● **Assignment**
Would you reproduce exactly the lines below from the one holding "AlizeDiva Silk Microfiber" through the one holding "Wallpaper Mural Winter", inclusive, and no others?

● **Data excerpts**
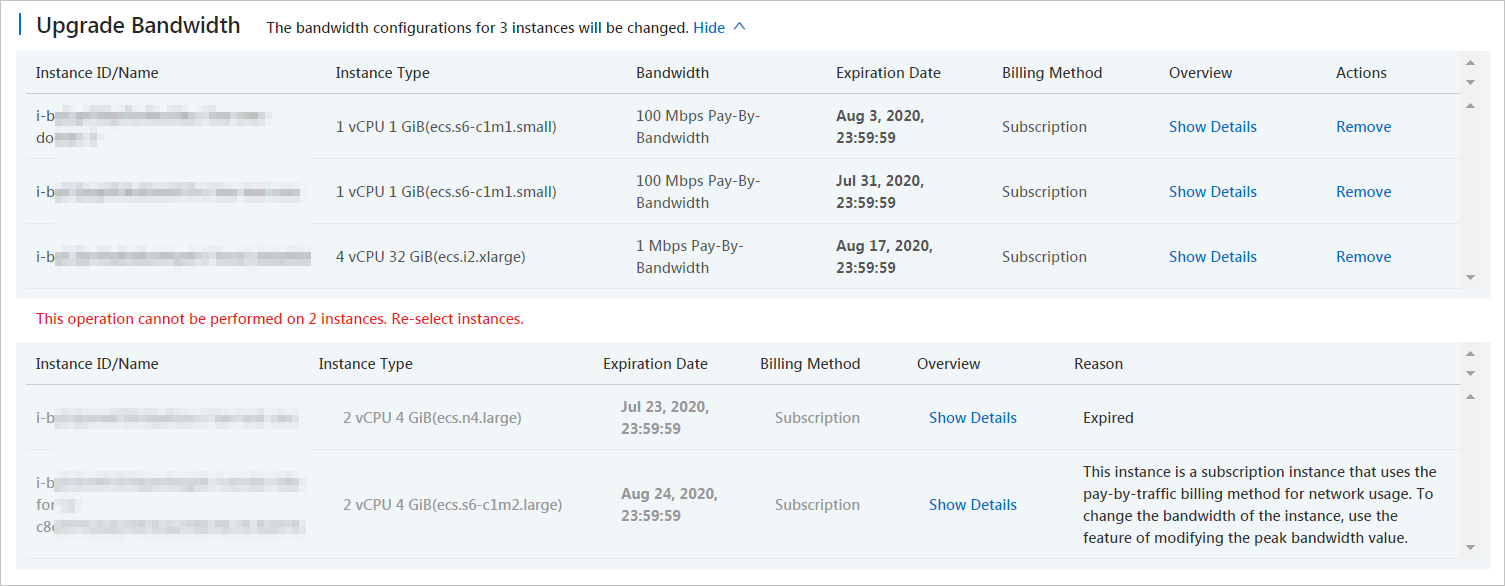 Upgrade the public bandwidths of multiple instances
* * *
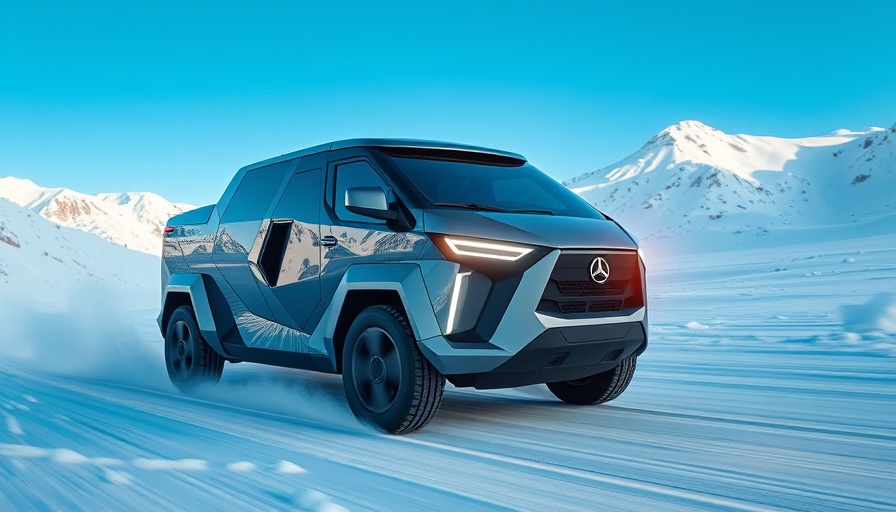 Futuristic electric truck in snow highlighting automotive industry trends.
--
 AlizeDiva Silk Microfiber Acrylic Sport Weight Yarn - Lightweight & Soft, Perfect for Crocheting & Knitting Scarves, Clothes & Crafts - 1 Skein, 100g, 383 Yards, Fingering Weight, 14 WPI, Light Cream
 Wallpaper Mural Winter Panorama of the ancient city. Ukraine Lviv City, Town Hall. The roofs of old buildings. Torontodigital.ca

● **Reply to the task**
 AlizeDiva Silk Microfiber Acrylic Sport Weight Yarn - Lightweight & Soft, Perfect for Crocheting & Knitting Scarves, Clothes & Crafts - 1 Skein, 100g, 383 Yards, Fingering Weight, 14 WPI, Light Cream
 Wallpaper Mural Winter Panorama of the ancient city. Ukraine Lviv City, Town Hall. The roofs of old buildings. Torontodigital.ca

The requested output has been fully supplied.